The Internet (along with Moore’s Law) turned the traditional stack on its head — dramatically lowering costs, wiping out distance and time as barriers to information, and accelerating access to data. New products like laptop computers and cell phones demanded a technology infrastructure that could keep pace with changing devices and expectations. But even those innovations look archaic compared with what mobile “knowledge workers” today need to do their jobs. Between the popularity and computing power of smartphones today and the surge of cloud services, the new reality is that employees expect to have access to all their data at any time, any place, on any device they choose.

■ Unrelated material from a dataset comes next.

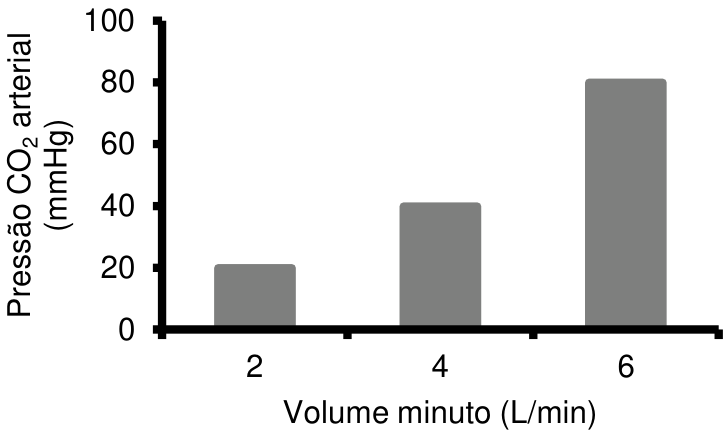 F1 Gráfico de barras cinzas com eixo horizontal “Volume minuto (L/min)”, com valores 2, 4 e 6, e eixo vertical “Pressão CO₂ arterial (mmHg)”, graduado de 0 a 100 em intervalos de 20. As barras correspondem, respectivamente, a 20, 40 e 80 mmHg.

And that has big consequences for IT.

IT has gone from managing a highly controlled base of tools to trying to manage a far more heterogeneous mix of devices (smartphones, tablet computers, 3G/4G data cards, netbooks, tablets) running on any number of operating systems. Trying to control all these tools is becoming unnecessary: Cloud services and applications make most data accessible from any device running any OS. The mandate for IT? Shifting from old-school device management to the far more critical and strategic discipline of user management.

This new mandate — managing, enabling, and securing users’ mobile behavior — is now beginning to require its own suite of tools. However, as young and fractured as the market still is, most vendors still offer products and features that address just one part of a company’s mobile needs, rather than all of them. This à la carte approach to managing mobility means IT managers must piece together a complete stack that works for their company.

It’s a complex undertaking, given that  no two companies manage mobility the same way. Companies may embrace bring-your-own-device programs, for instance, in a spectrum of ways — or not at all. Each company has its own unique approach to acquiring, distributing, funding, managing, and outfitting its employees’ mobile devices. And every company needs different apps and levels of security.

Still, a core set of solutions has emerged, ranging from a base layer of apps geared toward basic functionality to more sophisticated productivity- and strategy-geared programs. And while there still isn’t a single “right” way to approach mobility, a new standard mobility stack is starting to take shape.

Level 1: Basic Services

The base level of the stack addresses the basic, subsistence elements of a mobile program that helps get it off the ground and keep it running. Features include:

• Procurement: Online Web portals that can handle bulk orders have become the most common way to acquire and activate new phones and tablets. This is especially useful for large organizations that onboard several hundred devices at a time.

• Inventory Tracking and Move/Add/Change/Delete (MACD): Once you have the devices, you need the ability to manage them. Management systems can track an entire fleet of devices, whether they’re corporate- or individually owned, and on several different carriers’ plans. A mobile manager should be able to easily add or delete devices from the company program, or move or change the status of other users’ devices, and keep track of any devices in reserve.

• Expense Tracking: In addition to simply tracking, activating, and de-activating mobile devices, having an expense-management solution is crucial. This is particularly important given the trend toward BYOD (bring your own device) programs, in which individual employees may have a plan under their own name, and expect a reimbursement or stipend from the employer. Mobile expense-management tools allow organizations to handle billing for thousands of lines of service.

Group 2: Risk Management

Risk-management and compliance programs are an increasingly important element of a modern mobility program, especially as more crucial and sensitive data is stored on mobile devices and in the cloud.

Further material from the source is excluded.